Unnamed: 0,name,map,ndcg,ndcg_cut_10,mrt
0,BM25,0.760663,0.823839,0.739832,4.346506
1,random forest,0.881997,0.917861,0.875782,52.10234
2,fastrank,0.802718,0.858604,0.788942,44.102675
3,LambdaMart,0.596328,0.648062,0.499968,33.923937


# _Optional_: Evaluating the different models (20 points total; this is part 2)

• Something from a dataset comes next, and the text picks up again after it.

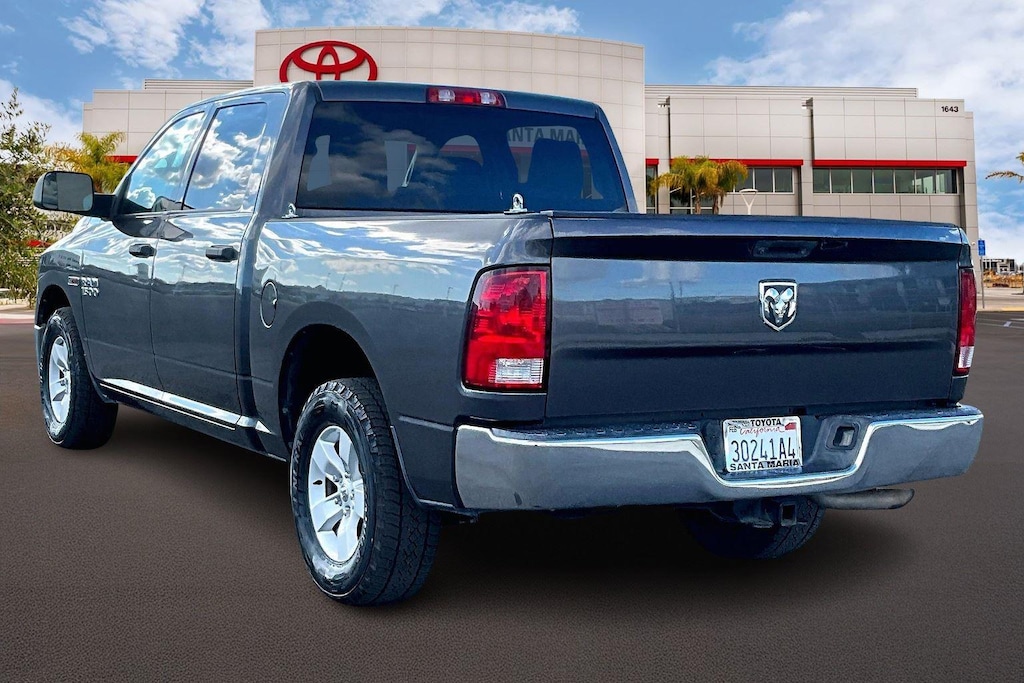 Used 2016 Ram 1500 Tradesman Truck Crew Cab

How much training does the model actually need to recognize relevance? Would one epoch be enough? What if we did 10? or 100? (100 might be too many for Great Lakes limits...). In this **optional part**, we'll describe a series of steps you can take to explore this part!
 
The instructions in Part 1 had you update that notebook to save the model after each epoch and then generate relevance predictions for each, saving those to a file. In Part 2, we'll load those files and compare the performance:
 
Here's what you need to do:
* Using the code from the blocks above, create new version of the test data DataFrame that have predictions from each trained bi-encoder model. (i.e., you should have predictions from the model trained on one epoch worth of data, predictions from the model trained on two epochs, etc.)
* Retrain each L2R model using each of these new features, using just one feature at a time. This should give you (number of L2R models) * (number of different-epoch-trained-biencoder-models) worth of results.
* Create a line plot where
  * the x-axis is the number of epochs the bi-encoder model was trained
  * the y-axis is NDCG_cut_10
  * there are different lines for each L2R model (with different colors/hues for each model)
 
This plot should show you how much the bi-encoder's training time influences the scores. Compare that with the F1 performance plot you produced for Part 1. Does increasing F1 performance lead to increasing NDCG@10? How many epochs do you think you need to train to maximize performance?

**TODO:** For full credit, submit a separate doc/pdf with the plots from Parts 1 and 2 and a short paragraph describing your observations on the performance (see the questions above).